Photo by Edgar Chaparro on Unsplash

Scanners are a specialized tool to quickly identify patterns in text. They are a fundamental component in compilers, JSON parsers, and text processors. The scanner I am presenting is designed to process source code for a compiler, but the code and topics I will cover can be easily adapted for other uses.

How do Scanners Work?

Scanners use a series of patterns to produce lexemes. Each lexeme is a continuous substring of the input text. The lexemes are then selectively paired with a tag corresponding to the pattern. A lexeme-tag pair is called a token. There may or may not be a token for each lexeme depending on what patterns are relevant. More on this later.

Scanners operate by finding a pattern that accepts the current character. The scanner will then process the pattern until the text no longer matches. At this point, a lexeme has been identified. A list then records the location of each lexeme, and a token is created for patterns that are relevant to further processing. The scanner will then repeat the process of pattern finding. This continues until all text has been scanned.

Patterns

A pattern defines an acceptable sequence of characters. The pattern can look for an explicit order of characters: int is i + n+ t. It can also look for a general sequence like a regular expression. Figure 1 shows the pattern for numbers in JSON.

JSON number format from json.org [https://www.json.org/json-en.html]
Figure 1: Pattern for numbers in JSON — by json.org

Regular Expressions and Finite Automata

A regular expression defines a pattern using a set of rules stored in a string. The regular expression “[0–9]” will match with any number from 0 to 9.
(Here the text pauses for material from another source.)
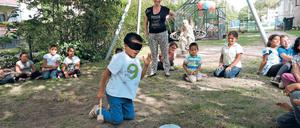 Unbekannte Spielwelten. Die Kinder aus den Flüchtlingslagern Südalgeriens lernen in Teltow exotische Spiele wie Topfschlagen kennen. Inzwischen haben sie auch gelernt, Fahrrad zu fahren und können im Chor „Bruder Jakob“ singen. Noch bis Freitag wohnen sie in der Kita Käferland.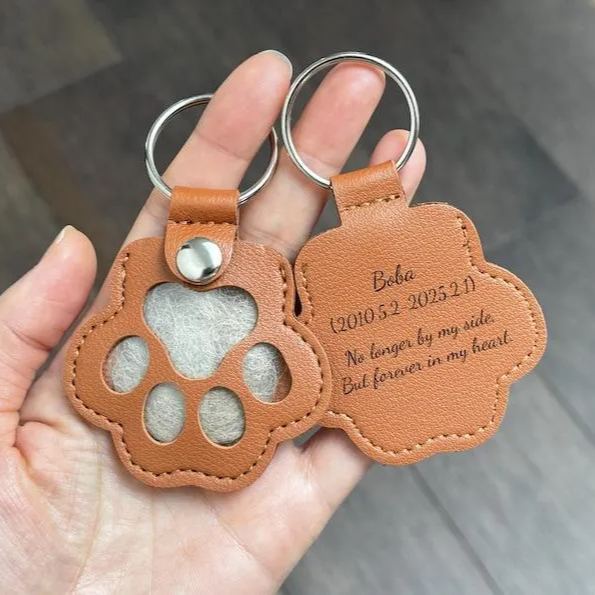 Personalized Leather Pet Hair Memorial Keychain Custom Pet Fur Keepsake Pet Loss Gift Dog Cat Remembrance Keyring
However, regular expressions are not commonly used when making scanners. This is due to the complexity in acceptable patterns. Take the JSON number example in Figure 1. Producing a regular expression for it is possible, but it will certainly not be easy. Regular expressions also come with extra time overhead.

Finite automata are used to overcome the complexity and time penalty of regular expressions. There are multiple types of finite automata. The form most relevant to scanners are deterministic finite automata (DFA). A DFA is usually a hand coded function customized for each pattern. DFAs produce the same results as a regular expression, but they are faster and clearer.

The DFA searches for acceptance states in the text. In the JSON example, the acceptance states are number, fraction, and exponent. When the DFA finds an acceptance state it will record its current position. It then tries to progress to the next acceptance state. Once it can progress no further, the DFA returns the last accepted state and performs any necessary rollbacks.

Processing Numbers

First let’s cover how to produce a deterministic finite automata for numbers. We will use the pattern shown in Figure 1 as our guide. When processing a number, it can come in several forms. It can be an integer — 123. It can be a decimal — 4.2. Or it can be an exponent — 0.987e6.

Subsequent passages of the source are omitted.